President-elect Trump’s promise to put tariffs on Mexico and Canada threatens to derail decades of North American integration, a rocky process that has remade the two U.S. neighbors as suppliers of raw and finished commodities to the world’s largest economy.
In some ways, Canada and Mexico have switched places during the last three decades.
Prior to the North American Free Trade Agreement (NAFTA), Mexico was a middle-tier petrostate with no competitive manufacturing base. Now, its economy is primarily dependent on manufacturing, tourism, agricultural exports, and money brought home by Mexicans living abroad.
Meanwhile, Canada transformed from a tiny but advanced manufacturing economy to an oil and gas powerhouse, exporting vast amounts of hydrocarbons to the United States.
Both of these shifts have occurred to fit neatly into the greater needs of the United States economy.
However, that three-way integration is encountering headwinds, not least from Trump, who threatened United States-Mexico-Canada Agreement (USMCA) partners with 25% across-the-board tariffs on the first day of his presidency in retaliation for their participation in migration and the illegal fentanyl trade.
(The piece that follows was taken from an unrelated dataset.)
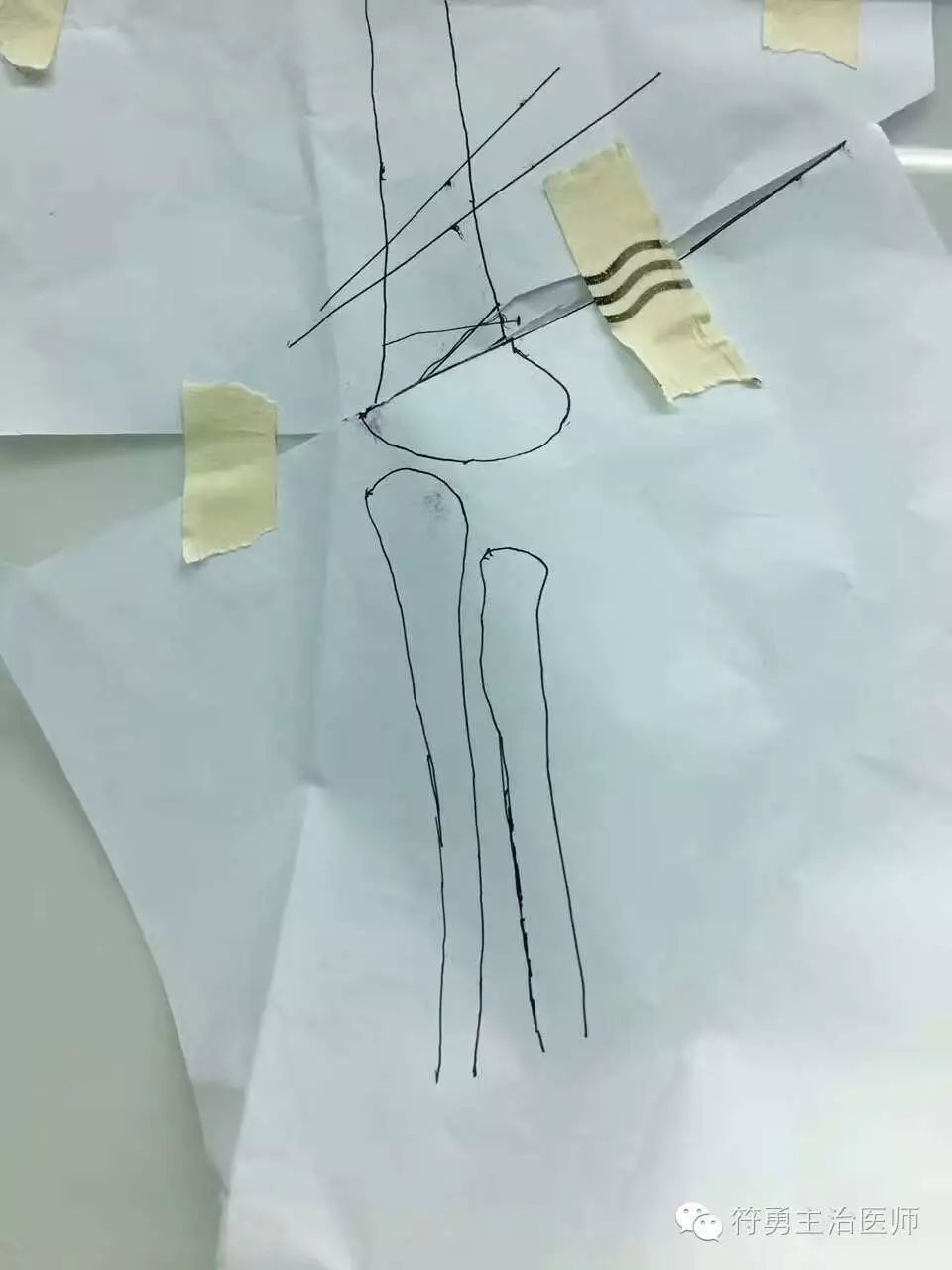 手臂肘内翻的手术效果,胳膊肘内翻矫正手术28年费用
“Both Mexico and Canada have the utmost right and power to easily resolve this long-standing issue. We hereby demand that they exercise this power, and until that happens, they will have to pay a high price!” Trump posted on Truth Social.
The basics of the continent’s manufacturing base are at jeopardy, in addition to the harmony of North American diplomatic ties.
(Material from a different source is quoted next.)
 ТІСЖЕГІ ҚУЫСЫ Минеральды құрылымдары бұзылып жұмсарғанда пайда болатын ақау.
“The value chains—the value chains have been designed around the context of integration,” said Ildefonso Guajardo, Mexico’s former secretary of the economy and key negotiator on the USMCA.
Value chains, or supply chains, which produce and assemble parts across the continent before incorporating them into a finished product, have emerged as a crucial competitive advantage for North American industry as a whole, as well as the raison d’être for a large portion of Mexican business.
These networks can only exist in Mexico because of significant infrastructure investments, which include road and rail links, gas pipelines, and industrial parks spanning roughly 10,000 acres.